No poema que dialoga intertextualmente com a literária camoniana, o eu lírico caminha pelas estradas de Minas quando é abordado pelo Máquina.

“E como eu palmilhasse vagamente

uma estrada de Minas, pedregosa,

e no fecho da tarde um sino rouco

se misturasse ao som de meus sapatos

que era pausado e seco; e aves pairassem

no céu de chumbo, e suas formas pretas

lentamente se fossem diluindo

na escuridão maior, vinda dos montes

e de meu próprio ser desenganado,

a máquina do mundo se entreabriu

para quem de a romper já se esquivava

e só de o ter pensado se carpia.”

Esses últimos versos retomam a imagem do eu lírico resignado que já havia aparecido no primeiro poema do livro, “dissolução”. A máquina do mundo aborda o eu lírico que caminha solitário pela estada de Minas no momento da vida em que ele já tinha desistido de entende-la (“para quem de a romper já se esquivava”) e até mesmo chorava só de pensar em ter de fazer isso (“só de o ter pesando se carpia”).

Mesmo assim, a máquina se abre para o poeta de forma imponente (“Abriu-se majestosa e circunspecta,/sem emitir um som que fosse impuro/nem um clarão maior que o tolerável”). Além de abrir-se, convida a “quantos sentidos e intuições restavam/ a quem de os ter usado os já perdera”. O convite é irrecusável. Há um discurso direto, no qual a máquina faz sua oferta: “O que procuraste em ti ou fora de/ teu ser restrito e nunca se mostrou,/...olha, repara, ausculta: essa riqueza/...sublime e formidável, mas hermética,/... abre teu peito para agasalhá-lo.”

A partir dessa oferta, o eu lírico passa em revista todos os grandiosos segredos do universo, desde edifícios e pontes até os recursos da terra dominados pelos impulsos da paixão passando pelas plantas e pelos minérios. Esse esplendida cena, escapa a imaginação, que tenta integrada a partir do contraponto do mineiro que anda devagar por uma estrada qualquer.

A decisão é comunicada ao leitor com um “mas”. O eu lírico reluta em aceitar o convite, o apelo faz eco a “defuntas crenças”, coisa que não angustia mais o caminhante. Ele abaixa os olhos, “incurioso, lasso, desdenhando colher a coisa oferta”. A maquina se retrai.

“A treva mais estrita já pousara

sobre a estrada de Minas, pedregosa,

e a máquina do mundo, repelida,

se foi miudamente recompondo,

enquanto eu, avaliando o que perdera,

seguia vagaroso, de mãos pensas.”

O poeta recolhe a sua insignificância diante de tal infinita possibilidade. A distância entre o ser humano comum e a grandiosidade do que talvez seja o mundo, faz essa pequena narrativa poética alcança o sublime de um ser humano perdido num mundo indecifrável, aliás ideia que se anuncia no próprio título da obra.

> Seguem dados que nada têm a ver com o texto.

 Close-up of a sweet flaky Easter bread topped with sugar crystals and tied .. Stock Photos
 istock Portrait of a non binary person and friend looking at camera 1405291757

O leitor nesse momento é jogado de uma ideia para outra. Por uma lado reforça-se a ideia de “mundo, vasto mundo”, por outro, a insignificância do poeta e de cada leitor, fica mais patente. Sobre a angústia. Sobra a beleza de viver nesse mundo que pode ser apreciado pelo espanto que ultrapassa a imaginação de qualquer leitor.

Esse é a montanha russa que eu experimento quando leio Drummond. Deixe-se levar por ele. Vale a pena.